--- START ---

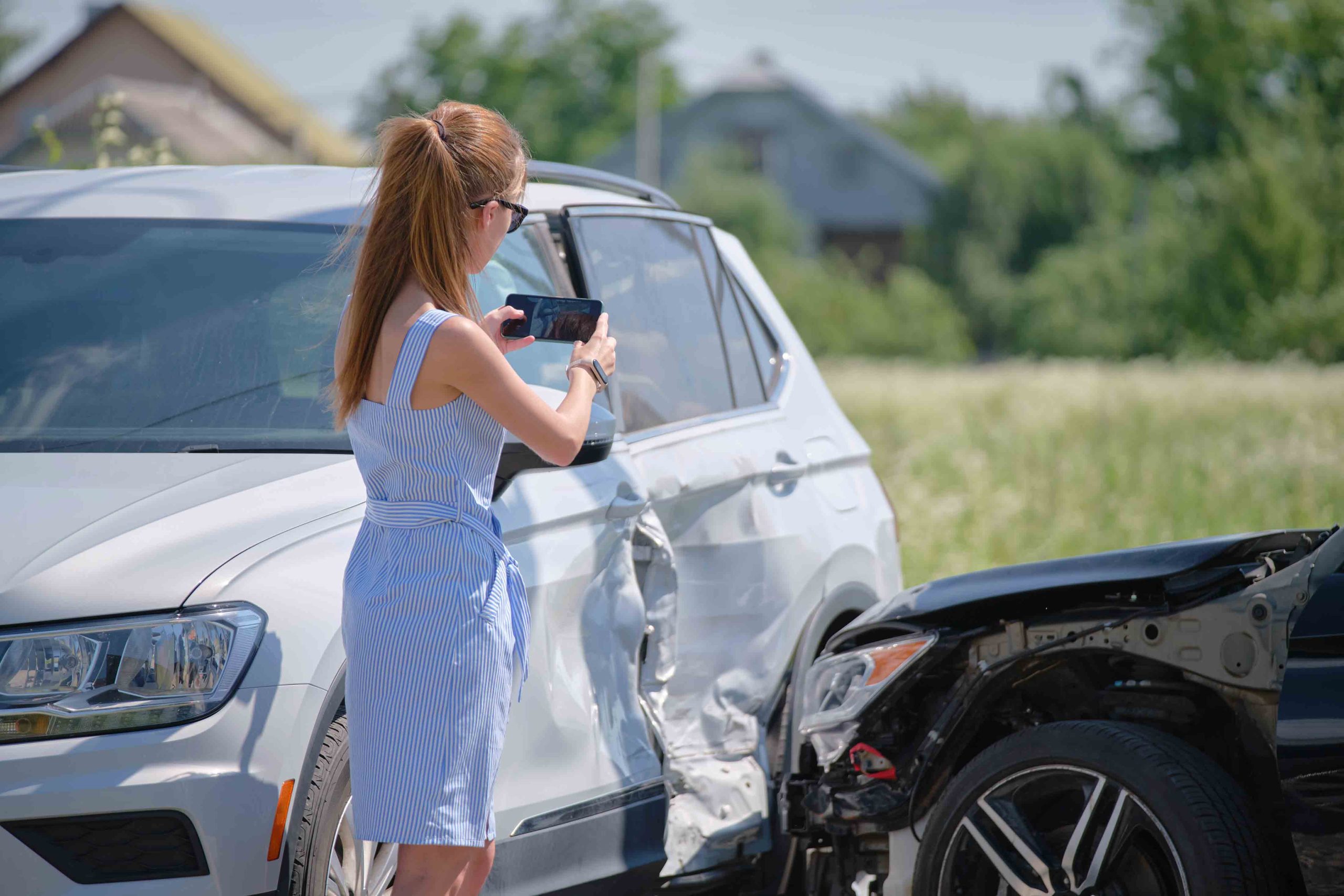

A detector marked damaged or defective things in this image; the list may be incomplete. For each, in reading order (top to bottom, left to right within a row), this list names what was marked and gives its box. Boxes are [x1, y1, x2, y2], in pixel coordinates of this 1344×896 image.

broken headlight [0, 605, 268, 743]
broken headlight [798, 634, 932, 764]
black damaged car [781, 525, 1336, 894]
collision damage [781, 527, 1344, 890]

--- END ---

Task: What is needed is the full material, retyped unchanged, with no pictures in it.

Task response:
A detector marked damaged or defective things in this image; the list may be incomplete. For each, in reading order (top to bottom, left to right within a row), this list names what was marked and gives its box. Boxes are [x1, y1, x2, y2], in pixel coordinates of this 1344×896 image.

broken headlight [0, 605, 268, 743]
broken headlight [798, 634, 932, 764]
black damaged car [781, 525, 1336, 894]
collision damage [781, 527, 1344, 890]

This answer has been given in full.